« Si le plan Trump est mis en œuvre, Gaza pourrait échapper au contrôle israélien pour la première fois depuis 1967 »
Propos recueillis par Benjamin Barthe

Un véhicule militaire du côté israélien de la frontière avec la bande de Gaza, le 9 octobre 2025, après que Donald Trump a annoncé que l’Etat hébreu et le Hamas s’étaient mis d’accord sur la première phase d’un cessez-le-feu. AMMAR AWAD / REUTERS
L’universitaire palestinien Yezid Sayigh, chercheur au bureau Moyen-Orient de la fondation Carnegie, à Beyrouth, met en lumière les potentialités du plan Trump. Il revient aussi sur la crise du mouvement national palestinien, portée à son paroxysme par l’attaque terroriste du 7 octobre 2023.
La guerre de Gaza se termine sur un bilan cataclysmique pour les Palestiniens. Le plan Trump est la seule porte de sortie que la communauté internationale leur propose. Que pensez-vous de ce texte ?
Ce plan consiste à déployer une force de sécurité internationale dans la bande de Gaza, à placer ce territoire sous la tutelle d’un organe de gouvernance international et à relancer son économie, en l’ouvrant sur le reste du monde.

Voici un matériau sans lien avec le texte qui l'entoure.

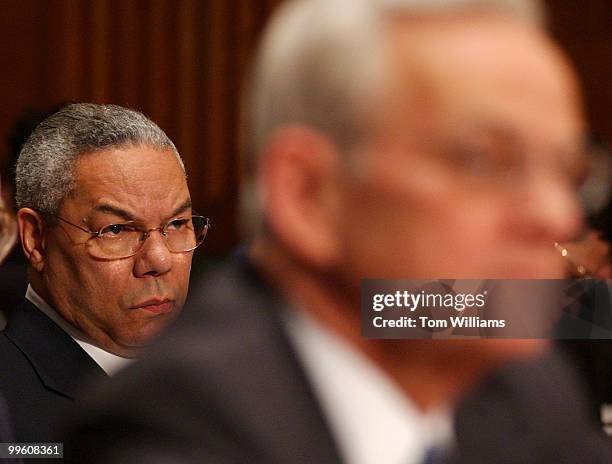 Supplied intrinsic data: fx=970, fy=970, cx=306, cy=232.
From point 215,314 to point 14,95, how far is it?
87 cm

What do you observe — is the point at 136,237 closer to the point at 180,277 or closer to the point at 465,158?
the point at 180,277

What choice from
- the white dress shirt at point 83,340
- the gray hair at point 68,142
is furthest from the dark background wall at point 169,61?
the white dress shirt at point 83,340

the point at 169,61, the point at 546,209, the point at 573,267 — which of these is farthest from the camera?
the point at 169,61

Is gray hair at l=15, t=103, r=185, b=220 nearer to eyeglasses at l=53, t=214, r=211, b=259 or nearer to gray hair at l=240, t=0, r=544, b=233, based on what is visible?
eyeglasses at l=53, t=214, r=211, b=259

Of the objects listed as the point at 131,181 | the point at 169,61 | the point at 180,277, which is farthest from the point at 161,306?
the point at 169,61

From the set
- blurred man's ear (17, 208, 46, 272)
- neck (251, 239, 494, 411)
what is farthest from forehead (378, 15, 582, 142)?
blurred man's ear (17, 208, 46, 272)

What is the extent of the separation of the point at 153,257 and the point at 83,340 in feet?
0.46

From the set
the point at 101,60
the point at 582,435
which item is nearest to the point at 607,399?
the point at 582,435

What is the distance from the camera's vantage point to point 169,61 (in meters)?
1.29

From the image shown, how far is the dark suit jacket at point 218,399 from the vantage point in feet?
1.85

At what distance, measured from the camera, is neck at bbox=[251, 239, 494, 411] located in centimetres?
57

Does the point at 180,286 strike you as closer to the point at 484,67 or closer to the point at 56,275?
the point at 56,275

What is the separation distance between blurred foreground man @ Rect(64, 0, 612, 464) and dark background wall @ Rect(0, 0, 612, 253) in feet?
1.93

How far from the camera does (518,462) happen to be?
63 centimetres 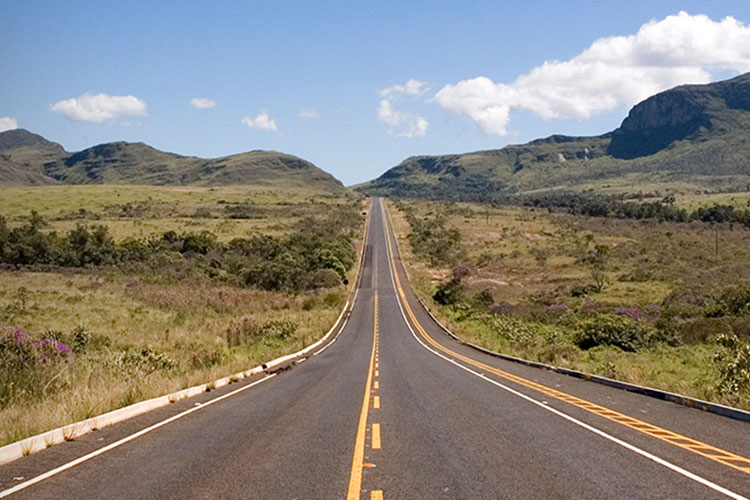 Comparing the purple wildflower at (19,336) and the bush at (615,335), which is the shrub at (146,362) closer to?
the purple wildflower at (19,336)

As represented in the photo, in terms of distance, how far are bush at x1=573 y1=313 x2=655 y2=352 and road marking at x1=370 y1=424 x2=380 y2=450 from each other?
27333 millimetres

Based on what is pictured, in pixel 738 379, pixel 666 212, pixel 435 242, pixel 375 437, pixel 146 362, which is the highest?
pixel 666 212

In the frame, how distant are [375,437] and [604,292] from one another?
179 feet

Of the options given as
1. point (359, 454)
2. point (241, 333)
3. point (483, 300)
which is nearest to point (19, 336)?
point (359, 454)

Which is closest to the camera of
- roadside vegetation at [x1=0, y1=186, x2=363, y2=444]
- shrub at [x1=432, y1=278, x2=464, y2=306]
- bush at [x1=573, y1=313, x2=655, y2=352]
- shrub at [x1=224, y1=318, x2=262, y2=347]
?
roadside vegetation at [x1=0, y1=186, x2=363, y2=444]

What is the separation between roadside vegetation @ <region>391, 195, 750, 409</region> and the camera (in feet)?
88.3

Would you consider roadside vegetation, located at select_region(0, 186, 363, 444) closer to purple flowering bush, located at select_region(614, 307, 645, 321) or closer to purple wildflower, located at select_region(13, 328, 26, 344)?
purple wildflower, located at select_region(13, 328, 26, 344)

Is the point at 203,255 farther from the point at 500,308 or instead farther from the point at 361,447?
the point at 361,447

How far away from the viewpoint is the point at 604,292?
59.3 meters

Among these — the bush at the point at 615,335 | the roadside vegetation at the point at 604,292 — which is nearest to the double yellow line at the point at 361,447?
the roadside vegetation at the point at 604,292

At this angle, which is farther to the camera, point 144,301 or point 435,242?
point 435,242

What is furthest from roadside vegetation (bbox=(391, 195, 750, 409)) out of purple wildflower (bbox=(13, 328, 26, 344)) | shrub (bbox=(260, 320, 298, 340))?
purple wildflower (bbox=(13, 328, 26, 344))

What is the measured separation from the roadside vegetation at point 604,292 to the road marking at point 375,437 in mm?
8482

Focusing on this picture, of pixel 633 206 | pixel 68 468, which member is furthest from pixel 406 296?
pixel 633 206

Certains observateurs y voient un acte de reddition, un retour à l’époque du mandat britannique. L’implication dans ce projet de gens comme Tony Blair ou le gendre de [Donald] Trump, Jared Kushner, est évidemment source d’inquiétudes. Mais je préfère me concentrer sur les potentialités de ce plan. S’il est mis en œuvre de manière intégrale, alors Gaza pourrait devenir un territoire sous protection internationale. Un espace qui échapperait au contrôle israélien pour la première fois depuis 1967, avec lequel les pays reconnaissant l’Etat de Palestine pourraient interagir et qui deviendrait, de facto, la première base territoriale de cet Etat.
Bien sûr, je ne suis pas optimiste. Je pense que c’est précisément parce qu’ils ne veulent pas d’un tel scénario, que [le premier ministre Benyamin] Nétanyahou et ses alliés d’extrême droite vont chercher à empêcher la mise en œuvre de ce plan.
Les négociations de la deuxième phase du plan seront cruciales…
Le diable va se nicher dans les détails. Quels gouvernements, arabes ou non, seront prêts à participer à la force de sécurité internationale et quel sera son mandat ? Pourra-t-elle refuser à l’armée israélienne l’accès aux zones dont elle s’est retirée ? Pourra-t-elle l’empêcher d’utiliser l’espace aérien au-dessus des zones où elle est déployée ? Aura-t-elle libre accès à la mer ? Prendra-t-elle le contrôle de la frontière extérieure avec l’Egypte, ce qui garantirait la libre circulation de l’aide, mais aussi du commerce et des personnes, comme l’envisage explicitement le plan ? Peut-être pas dès la première semaine, mais dans un mois, deux mois, six mois ?
Si cette force de sécurité internationale a pour mission de surveiller le désarmement du Hamas, désarmera-t-elle aussi les clans qu’Israël a utilisés pour voler l’aide humanitaire et contester le pouvoir du Hamas ? Les réponses données à ces questions détermineront la nature exacte de cette force : un protecteur des Palestiniens ou bien un ennemi, chargé de prolonger les politiques israéliennes et, derrière elles, américaines ?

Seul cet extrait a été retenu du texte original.